Vediamo i numeri: nella prima metà del 2020 i finanziamenti di venture in tutto il mondo sono stati 148 miliardi di dollari. Nella prima metà del 2021 è salito del 95% a 288 miliardi di dollari, con aumenti in ogni fase. Le startup stanno anche beneficiando di nuovi canali di investimento, come il crowdfunding. E poi ci sono gli unicorni: ad agosto c’erano più di 800 startup in tutto il mondo con evaluation superiori a 1 miliardo di dollari, per una evaluation cumulativa superiore a 2,6 trilioni di dollari, ne avevamo scritto qui. Solo tra ottobre 2020 e giugno 2021 il loro numero è aumentato del 43%. Anche se le aziende statunitensi hanno dominato, Cina, Canada, India, Germania, Israele, Regno Unito e Francia hanno prodotto tra 7 e 10 unicorni nella prima metà del 2021.
Nonostante la democratizzazione delle startup, accelerata dalla pandemia – non esistono quasi più vincoli geografici grazie, nel 2021, all’aumento della capacità di Internet del 35% e del traffico globale a banda larga nel quarto trimestre del 51%, col commercio elettronico globale salito a 26,7 trilioni di dollari – c’è ancora una grossa sfida da superare nell’ecosistema: il cleantech scaleup gap. “La pandemia ha risparmiato – e poi stimolato – l’economia delle startup.
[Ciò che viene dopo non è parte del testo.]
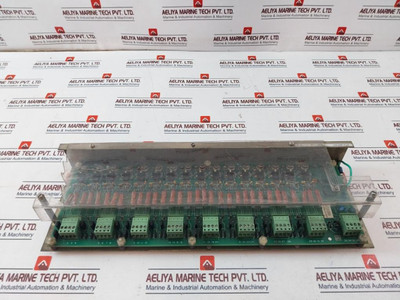 Bhel Unc4661A 69203Ib1B V2 Pcb Module Printed Circuit Board Used Bhel Unc4661A 69203Ib1B V2 Pcb Module Printed Circuit Board Used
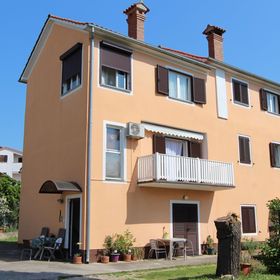 Apartment Rosanna 4 Rovinj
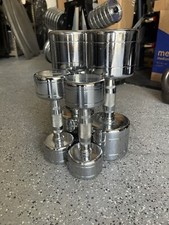 Ivanko Chrome Beauty Bells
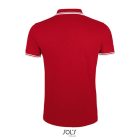 SOL'S SO00577 SOL'S PASADENA MEN - POLO SHIRT L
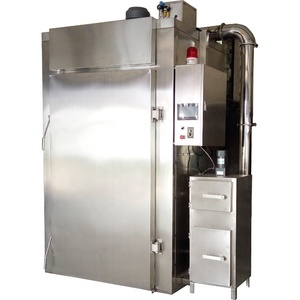 Grill pour réfrigérateur, viande, bacon, saucisse, four, appareil de fumage - Product Image 2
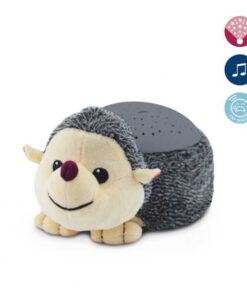 Zazu – HARRY süni, csillagkivetítő nyugtató dallamokkal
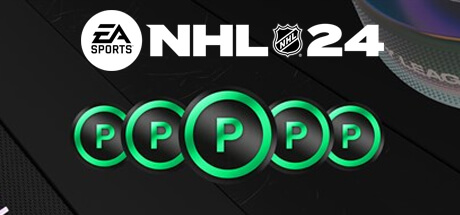 NHL 24 Points kaufen - XBOX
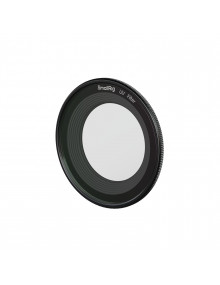 SmallRig Magnetic UV Filter for FUJIFILM X half (Black) 5214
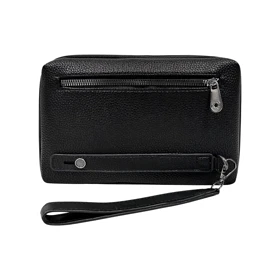 کیف دستی چرمی Mont Blanc مدل MB30456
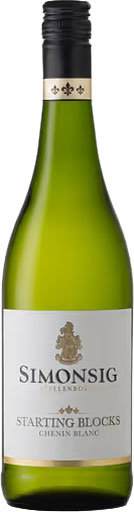 Simonsig Chenin Blanc 2024 750ml-0
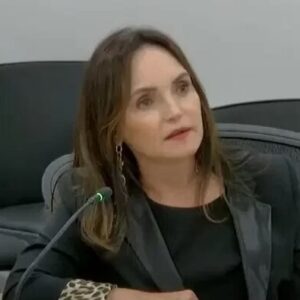 Procuradora do MP-GO reclama de salários de R$ 30 mil à categoria em início de carreira: ‘Tenho dó’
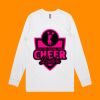 Mens Base Longsleeve Thumbnail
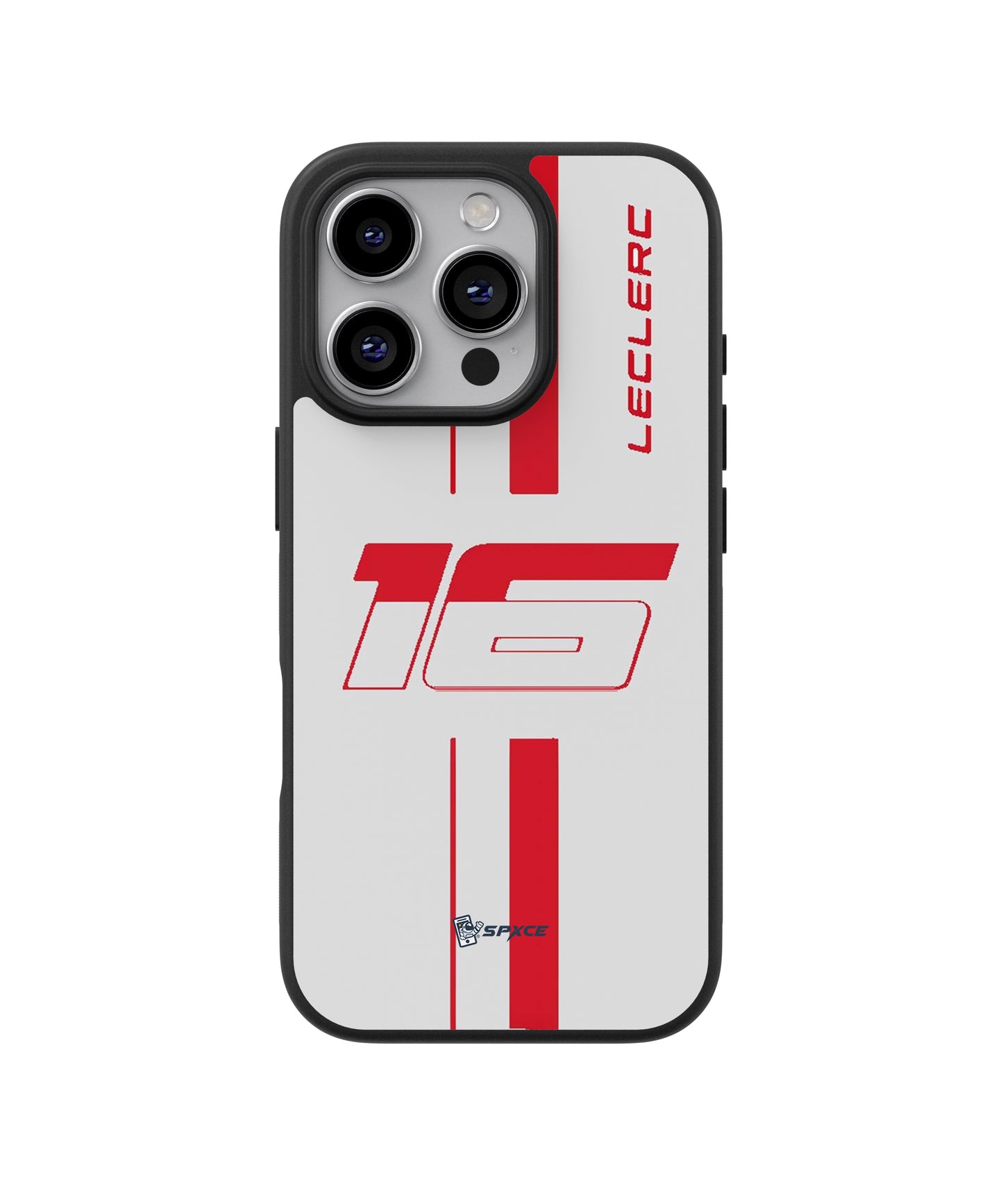 Funda Case Charles Leclerc
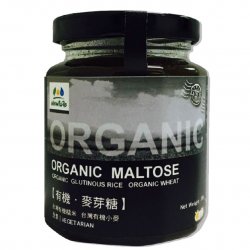 WJ04 Organic Maltose 330g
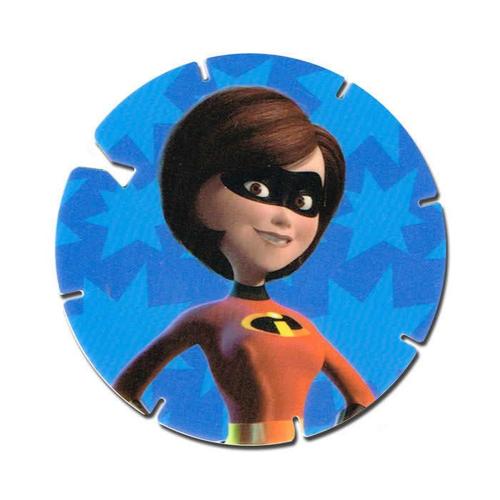 Disney Les Indestructibles - Super Flizz N°20 - Elastigirl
Ora è il momento che l’economia delle startup usi la sua forza e la sua ingegnosità per affrontare i problemi più urgenti del mondo”. Gli Stati Uniti, Canada, Regno Unito e Corea del Sud hanno fatto passi da gigante per le questioni legate al riscaldamento globale. Ora, con una scarsa offerta di unicorni cleantech, le opportunità per le startup in questo settore abbondano: “circa il 35% della riduzione cumulativa delle emissioni entro il 2070 emergerà da tecnologie attualmente in fase di prototipo o fasi dimostrative”. Le tecnologie non ancora commercializzate rappresenteranno un altro 40%.
Con la 26esima conferenza delle Nazioni Unite sul cambiamento climatico dietro l’angolo e una maggiore attenzione agli obiettivi net zero dei singoli governi, il climatetech rappresenta una significativa opportunità di investimento. La partnership della Commissione europea con Bill Gates per spendere un miliardo di dollari per costruire progetti dimostrativi cleantech su larga scala e l’impegno del governo britannico di 233 milioni di dollari per il greentech sono tra le sfide che probabilmente attireranno le startup. Lo slancio di questo settore continuerà solo nel prossimo decennio.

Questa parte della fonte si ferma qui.